Energy Technologies Institute

5 min read Partner content

The All Party Climate Change Group and the Energy Technologies Institute (ETI) hosted an event in parliament this week to mark the launch of a new report on the carbon capture and storage sector

There was no way for the world to meet its carbon targets without carbon capture and storage (CCS), said Lord Oxburgh (CB), as he opened an event in Parliament on Tuesday entitled  ‘How to build a 10GW CCS Sector in the UK by 2030’.

The peer was speaking at an event organised by the All Party Climate Change Group and the Energy Technologies Institute (ETI), who had commissioned Element Energy and Pöyry to explore scenarios for building the UK CCS sector to 2030.

Jo Coleman, director of strategy, ETI

Over the last seven years the ETI had been looking at pathways to transition the UK energy system, and the value of CCS was always too great to ignore, said Coleman. She suggested it was potentially the most important technology in the transition to a low carbon economy.

Coleman went on to outline the ETI’s work on identifying storage sites around the UK, in technological innovation, and in the field of financing CCS.
She explained that the new report showed policy makers what needed to happen over the next two parliaments to develop a credible CCS sector by 2030.
George Day, head of economic strategy, ETI

There were three pathways in the report which gave credible routes to achieve the desired deployment of CCS, Day told audience members.
He argued it was feasible and affordable to build a 10GW CCS Sector in the UK by 2030, provided it was developed in a coordinated way. He added there was potential for the strike prices per unit of electricity to come down quickly to at or below £100 / MWh by the mid 2020s.

Day outlined how the sector needed  £21bn to £31bn of capital expenditure up to 2030. To gear up this investment there was a need to progress demonstrator projects, which he felt would provide the seeds for future development of cluster areas of CCS. He also said there needed to be more investment in storage appraisal. He added that Contracts for Difference (CfDs) needed to be awarded to the next stage of projects without delay. Finally, he said there needed to be strong signals from policy makers about their support for the technology.  

Mike Thompson, head of carbon budgets, Committee on Climate Change

Thompson felt that when you looked at how to meet 2050 carbon targets, CCS was one of the most important options out there. It allowed the industrial sector to reach potentially negative emissions, he explained.

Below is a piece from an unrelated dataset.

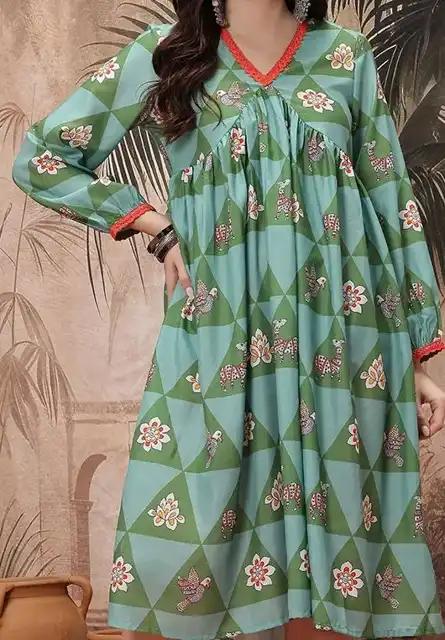 Purple Floral Maxi Dress — view 1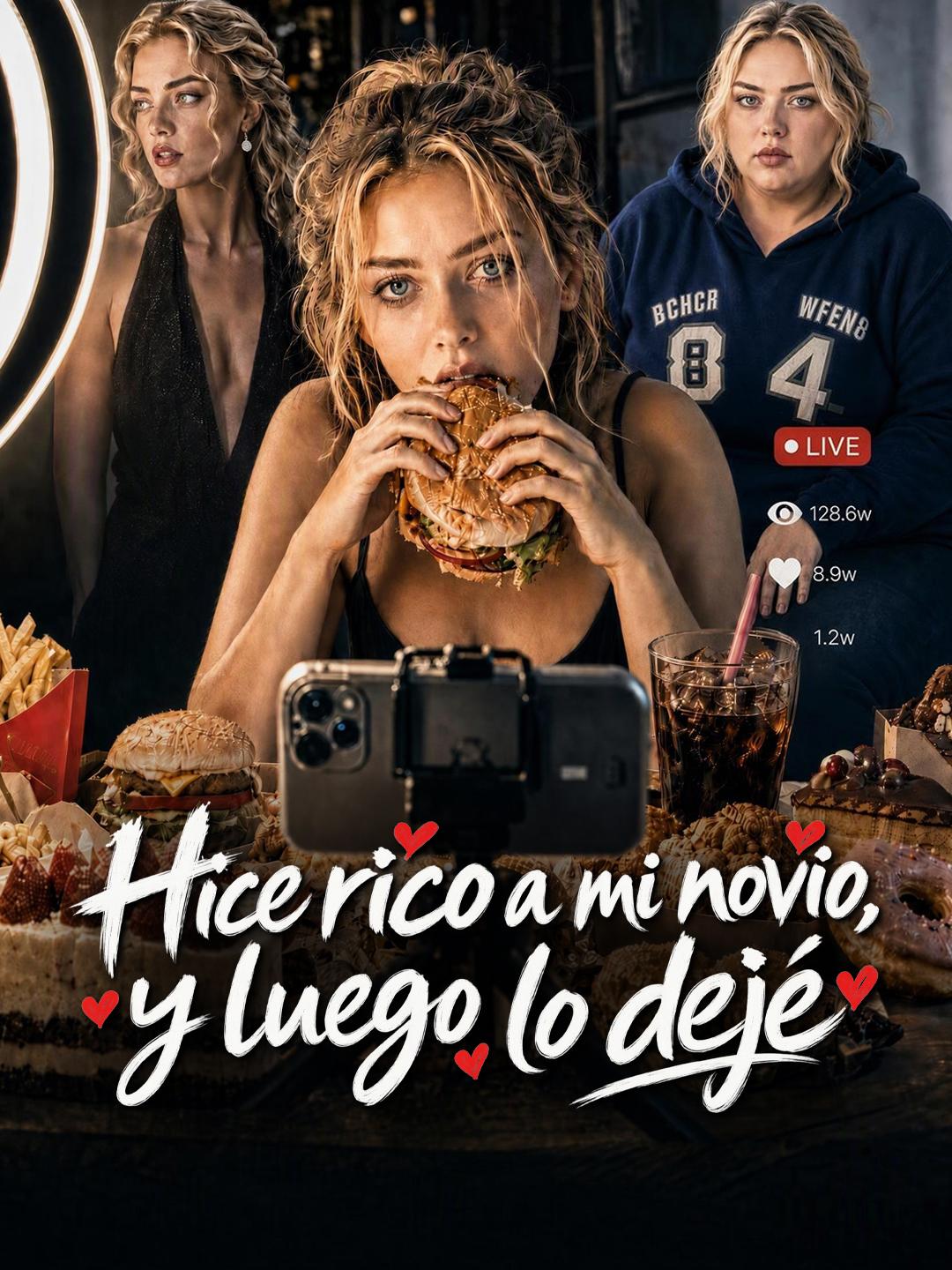 Hice rico a mi novio, y luego lo dejé short drama poster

While he welcomed the progress made, he also regretted that the development of the technology thus far had been slower that envisaged.  
He also said that the UK needed to lead in this sector, or else it would never be able to meet the economies of scale required that would make the technology affordable for consumers.

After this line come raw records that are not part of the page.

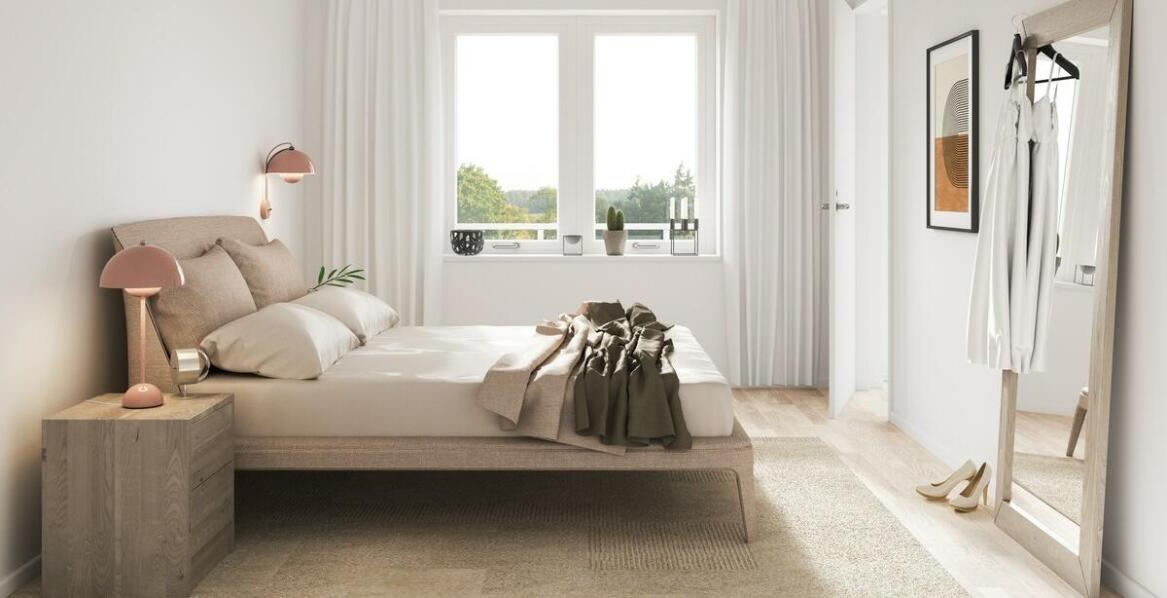 Łóżka jednoosobowe w stylu skandynawskim – minimalizm i elegancja
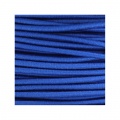 Cordon rond &eacute;lastique 3mm roy - 84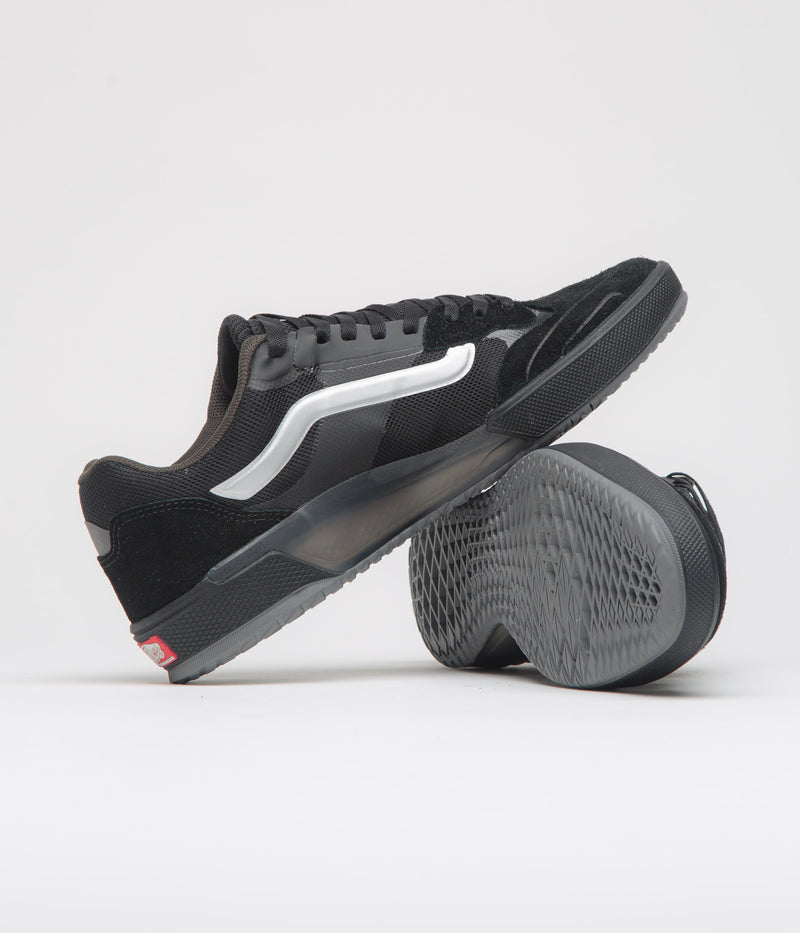 Vans Skate AVE 2.0 Shoes in Black and Metallic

He went on to question whether, given the costs involved, it was necessary to achieve a 10GW CCS sector in the UK by 2030, saying that a 5GW target could be more realistic, and act to smoothen out the cost pressures this would cause.

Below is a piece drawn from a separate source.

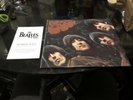The Beatles - RUBBER SOUL  Mint Vinyl 2014 Mono Reissue Rare E.U. Pressing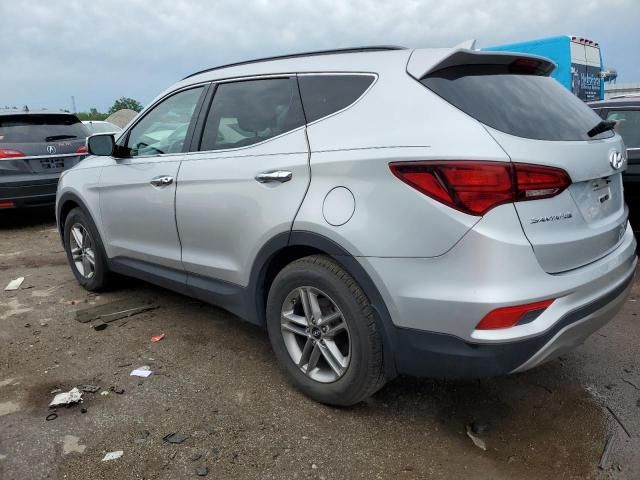 2018 Hyundai Santa FE Sport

In conclusion he said this could not all be left to the market but a partnership approach with strategic leadership provided by government.

Amy Clemitshaw, Deputy Director, Office of Carbon Capture and Storage, DECC

Amy Clemitshaw from DECC welcomed the ETI’s analysis. She felt the report was useful intervention that would feed into the Government’s consideration of how to best meet carbon reduction targets.

The priority for the Government was to keep on the lowest cost decarbonisation route possible, she told audience members.  She also outlined more generally the support given to CCS by this Government, who she said were helping to develop and commercialise CCS at scale.

She spoke in further detail about how the Government was supporting competition, noting that they had allocated £1bn of capital grants and two CfDs to preferred bidders. Any pursued option would have to provide value for money, she noted. The Government was already pre-notifying the European Commission of an impending state aid application, and final bids would be made at the end of year.

She also outlined how the Government had been investing in research and development, in power and industrial CCS. Half of their budget was for storage site appraisal, precisely because it was one of the most challenges aspects of greater deployment, she explained.

On enabling investment decisions on future projects, she said the Government was working on thinking through the evolution of the financing mechanisms to support CCS.

Samuela Bassi - policy analyst, Grantham Research Institute, LSE

Samuela Bassi picked up a point in the report that not developing CCS now would lead to greater costs in future. She presented evidence that supported those found in the ETI report; energy modelling suggested that scenarios that did not include CCS were all far more expensive, she explained.

CCS was expensive yes, but she stressed that evidence showed that costs would fall when the technology was deployed. She also spoke about the importance of creating a framework of policy certainty.

She cautioned that the development of CCS should not be seen as an excuse to continue emitting carbon as we were at the moment.

Jeremy Nicholson – director, Energy Intensive Users Group

The Energy Intensive Users Group was in favour of cost effective carbon reduction measures, said Nicholson.
Their view was that it should not be the role of the Government to pick arbitrary deployment targets. The market should be the decisive force, he said.
He felt it was right to start with the power sector, but highlighted vis-a-vis the industrial sector the risk of carbon leakage if costs fell too heavily on them.

He also expressed concern around the public attitudes towards the technology.
In conclusion he stressed that the “credibility of carbon targets rests on the deployment of CCS”.